Then came a dawn and a noon and a twilight through which I pushed forward the large horse with great cruelty, only pausing beside streams to allow that he drink of the water and also to throw myself down on my face and lap the cool refreshment like do all humble things. And, when at last the stars were again there to look down upon me, we arrived behind the barn of that Bud Bell to find all in the little house at rest. I thought of that small child in sleep in the arms of that woman, and a great sobbing came from my heart as I threw myself into my Cherry, after giving a supper to good Lightfoot, and fled down the long road to the distant city of Hayesville that lay away in the valley like a great nest of glowworms in a glade of the leaves of darkness. And among those glowworms I knew that more than a hundred friends to me were beginning to go into sleep with deep affection in their hearts for that Robert Carruthers whom wicked Roberta, Marquise of Grez and Bye, was about to steal from them. I wept as I turned my Cherry through the back street and into the garage of my Uncle, the General Robert. Then I paused. All was quiet in the house and no light burned in the apartments of my beloved protector and relative. From the watch at my wrist I ascertained the hour to be half after ten o’clock, and I knew that he was safely in cards at that Club of Old Hickory, whose lists now bore the added one of another Robert Carruthers, man of honor and descendant of its founders. Also there was no light in the rear of the house in the apartment of that kind Kizzie, in whose affections I had made a large place. A dim light burned in the hall and I knew that there I would find my faithful chocolate Bonbon sitting upon a chair by the great door in a deep sleep. And in a very few minutes I so found him.
“It is hello there, good Bonbon,” I greeted him.
“Howdy, Mr. Robert,” he answered me by a very large smile with very white teeth set in his face of extreme blackness. “The Gen’l said to call him on the ’fome as soon as you come.”
“That I will attend to from my apartment,” I answered him and then ascended the wide dark stairway with feet which were as a weight to my ankles.

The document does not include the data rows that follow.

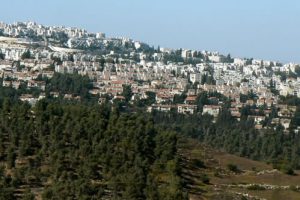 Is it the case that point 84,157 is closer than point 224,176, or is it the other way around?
point 84,157

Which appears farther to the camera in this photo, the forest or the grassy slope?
the grassy slope

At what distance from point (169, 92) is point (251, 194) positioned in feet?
208

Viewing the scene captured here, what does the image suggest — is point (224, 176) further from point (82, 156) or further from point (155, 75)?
point (155, 75)

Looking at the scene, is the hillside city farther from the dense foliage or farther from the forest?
the dense foliage

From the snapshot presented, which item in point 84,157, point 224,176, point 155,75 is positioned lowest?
point 224,176

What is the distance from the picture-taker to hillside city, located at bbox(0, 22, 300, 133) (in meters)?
90.3

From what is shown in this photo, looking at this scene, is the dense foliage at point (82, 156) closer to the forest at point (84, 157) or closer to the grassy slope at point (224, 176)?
the forest at point (84, 157)

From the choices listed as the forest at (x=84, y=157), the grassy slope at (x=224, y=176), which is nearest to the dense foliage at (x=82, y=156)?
the forest at (x=84, y=157)

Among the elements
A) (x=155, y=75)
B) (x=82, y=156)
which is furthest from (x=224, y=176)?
(x=155, y=75)

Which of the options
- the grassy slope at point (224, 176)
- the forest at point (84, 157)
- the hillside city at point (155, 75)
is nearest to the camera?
the forest at point (84, 157)

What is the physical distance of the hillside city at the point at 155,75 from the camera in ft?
296

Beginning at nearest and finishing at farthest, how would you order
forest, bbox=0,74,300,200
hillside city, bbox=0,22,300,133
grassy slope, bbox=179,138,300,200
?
forest, bbox=0,74,300,200 < grassy slope, bbox=179,138,300,200 < hillside city, bbox=0,22,300,133

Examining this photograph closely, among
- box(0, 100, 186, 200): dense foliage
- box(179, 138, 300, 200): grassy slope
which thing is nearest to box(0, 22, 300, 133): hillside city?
box(179, 138, 300, 200): grassy slope

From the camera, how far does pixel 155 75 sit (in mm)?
120062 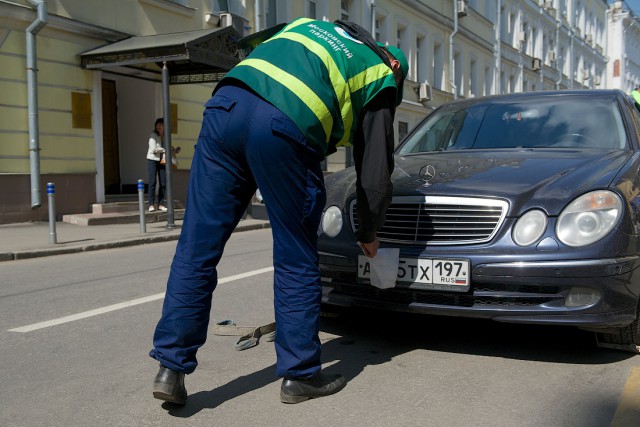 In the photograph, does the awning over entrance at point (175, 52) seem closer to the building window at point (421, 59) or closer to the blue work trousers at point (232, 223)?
the blue work trousers at point (232, 223)

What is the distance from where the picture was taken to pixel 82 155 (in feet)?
43.3

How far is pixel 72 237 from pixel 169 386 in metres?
8.12

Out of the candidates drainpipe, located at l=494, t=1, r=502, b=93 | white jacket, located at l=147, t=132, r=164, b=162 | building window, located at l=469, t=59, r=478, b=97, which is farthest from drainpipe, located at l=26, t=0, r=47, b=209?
drainpipe, located at l=494, t=1, r=502, b=93

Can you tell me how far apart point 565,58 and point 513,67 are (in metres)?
11.0

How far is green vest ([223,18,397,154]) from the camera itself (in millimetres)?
2875

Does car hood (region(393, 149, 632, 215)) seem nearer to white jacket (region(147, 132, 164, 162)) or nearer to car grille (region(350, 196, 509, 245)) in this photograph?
Answer: car grille (region(350, 196, 509, 245))

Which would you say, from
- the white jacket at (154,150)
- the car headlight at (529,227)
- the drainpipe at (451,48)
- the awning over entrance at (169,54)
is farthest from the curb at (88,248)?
the drainpipe at (451,48)

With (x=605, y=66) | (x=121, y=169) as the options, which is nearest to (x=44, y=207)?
(x=121, y=169)

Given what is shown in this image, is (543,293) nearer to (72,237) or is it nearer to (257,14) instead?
(72,237)

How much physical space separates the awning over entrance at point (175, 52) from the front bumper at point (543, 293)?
9916mm

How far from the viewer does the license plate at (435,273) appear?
137 inches

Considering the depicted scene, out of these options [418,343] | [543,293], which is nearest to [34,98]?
[418,343]

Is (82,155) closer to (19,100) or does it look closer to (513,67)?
(19,100)

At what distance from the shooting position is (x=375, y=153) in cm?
308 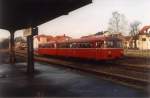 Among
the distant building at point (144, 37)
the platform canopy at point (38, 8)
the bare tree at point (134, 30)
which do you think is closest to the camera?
the platform canopy at point (38, 8)

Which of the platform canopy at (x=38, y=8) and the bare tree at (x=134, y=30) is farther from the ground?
the bare tree at (x=134, y=30)

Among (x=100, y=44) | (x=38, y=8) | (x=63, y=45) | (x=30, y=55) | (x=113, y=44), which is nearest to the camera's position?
(x=38, y=8)

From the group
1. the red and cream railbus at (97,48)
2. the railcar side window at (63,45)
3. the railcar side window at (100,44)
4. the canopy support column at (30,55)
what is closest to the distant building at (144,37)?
the railcar side window at (63,45)

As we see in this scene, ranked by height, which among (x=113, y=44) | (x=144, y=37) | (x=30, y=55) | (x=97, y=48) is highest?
(x=144, y=37)

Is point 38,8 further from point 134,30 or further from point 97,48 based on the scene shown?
point 134,30

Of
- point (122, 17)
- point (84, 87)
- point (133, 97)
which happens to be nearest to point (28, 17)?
point (84, 87)

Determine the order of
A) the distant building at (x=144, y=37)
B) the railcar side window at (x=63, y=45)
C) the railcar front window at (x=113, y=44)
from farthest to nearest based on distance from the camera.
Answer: the distant building at (x=144, y=37), the railcar side window at (x=63, y=45), the railcar front window at (x=113, y=44)

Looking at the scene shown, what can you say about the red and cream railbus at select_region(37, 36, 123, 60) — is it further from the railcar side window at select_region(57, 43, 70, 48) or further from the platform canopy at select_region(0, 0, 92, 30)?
the platform canopy at select_region(0, 0, 92, 30)

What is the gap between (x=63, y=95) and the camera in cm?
927

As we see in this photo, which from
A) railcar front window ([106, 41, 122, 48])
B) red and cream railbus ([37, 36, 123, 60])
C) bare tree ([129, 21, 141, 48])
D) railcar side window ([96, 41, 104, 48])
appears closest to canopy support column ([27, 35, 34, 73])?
red and cream railbus ([37, 36, 123, 60])

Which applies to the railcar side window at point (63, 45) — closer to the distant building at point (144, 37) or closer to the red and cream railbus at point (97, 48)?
the red and cream railbus at point (97, 48)

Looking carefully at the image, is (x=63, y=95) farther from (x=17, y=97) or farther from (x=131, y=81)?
(x=131, y=81)

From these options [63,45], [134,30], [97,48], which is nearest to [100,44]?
[97,48]

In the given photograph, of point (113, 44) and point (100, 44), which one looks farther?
point (113, 44) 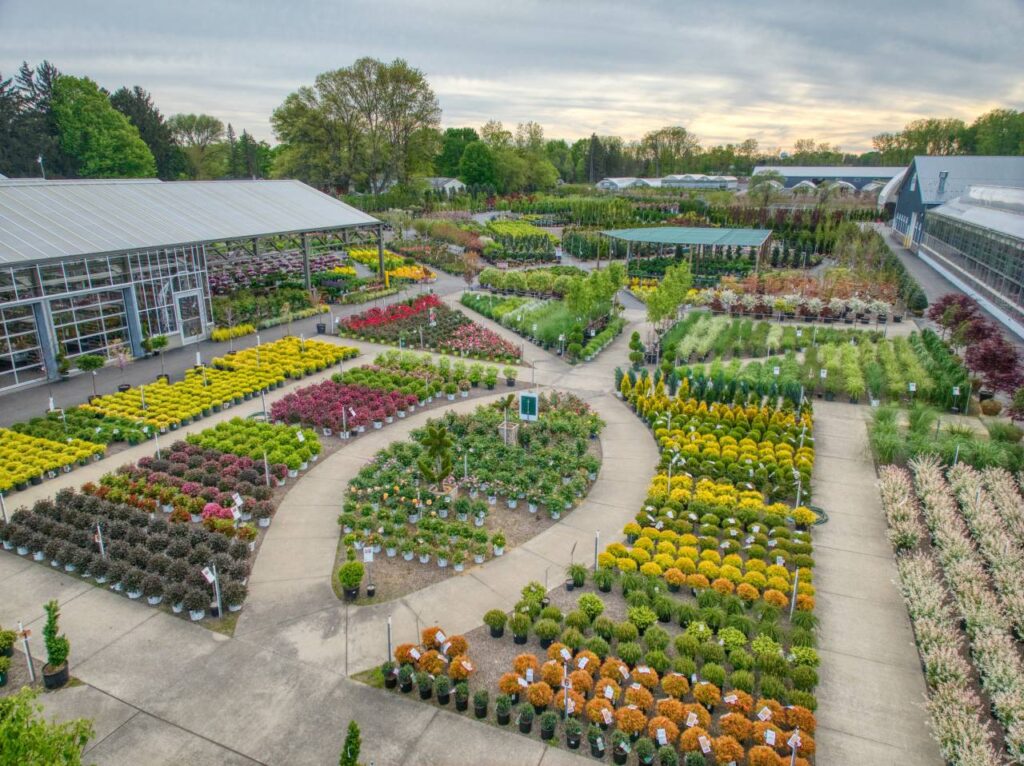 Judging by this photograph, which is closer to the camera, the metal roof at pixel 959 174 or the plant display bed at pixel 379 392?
the plant display bed at pixel 379 392

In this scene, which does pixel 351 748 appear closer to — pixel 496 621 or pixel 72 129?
pixel 496 621

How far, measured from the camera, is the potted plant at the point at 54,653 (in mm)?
9617

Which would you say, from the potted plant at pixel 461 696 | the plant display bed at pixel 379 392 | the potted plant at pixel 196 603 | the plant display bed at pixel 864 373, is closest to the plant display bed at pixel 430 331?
the plant display bed at pixel 379 392

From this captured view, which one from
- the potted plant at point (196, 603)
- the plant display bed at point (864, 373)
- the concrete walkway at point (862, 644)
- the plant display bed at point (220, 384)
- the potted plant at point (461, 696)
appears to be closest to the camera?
the concrete walkway at point (862, 644)

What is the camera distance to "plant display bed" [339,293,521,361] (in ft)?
88.5

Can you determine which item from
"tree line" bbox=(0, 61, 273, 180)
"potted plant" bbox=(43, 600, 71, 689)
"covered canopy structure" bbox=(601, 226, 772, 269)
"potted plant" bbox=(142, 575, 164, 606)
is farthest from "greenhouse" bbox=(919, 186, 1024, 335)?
"tree line" bbox=(0, 61, 273, 180)

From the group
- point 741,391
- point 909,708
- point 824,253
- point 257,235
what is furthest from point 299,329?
point 824,253

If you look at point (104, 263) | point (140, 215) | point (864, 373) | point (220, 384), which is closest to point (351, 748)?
point (220, 384)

Very slowly I entered that apartment and turned on the bright light. All was in readiness for me, and on the small table under the glass case that contained that beflowered robe of state of the dead Grandmamma Carruthers stood a vase of very fresh and innocent young roses.
“I would that I could remain and fulfill the destiny of a woman of your house, Madam Grandmamma,” I whispered to her lovely and smiling portrait on the wall opposite. “I am the last of the ladies Carruthers but I have made a forfeit of that destiny and I must go out in the night again in man’s attire to a death that will tear asunder the tender flesh that you have borne. Good-bye!”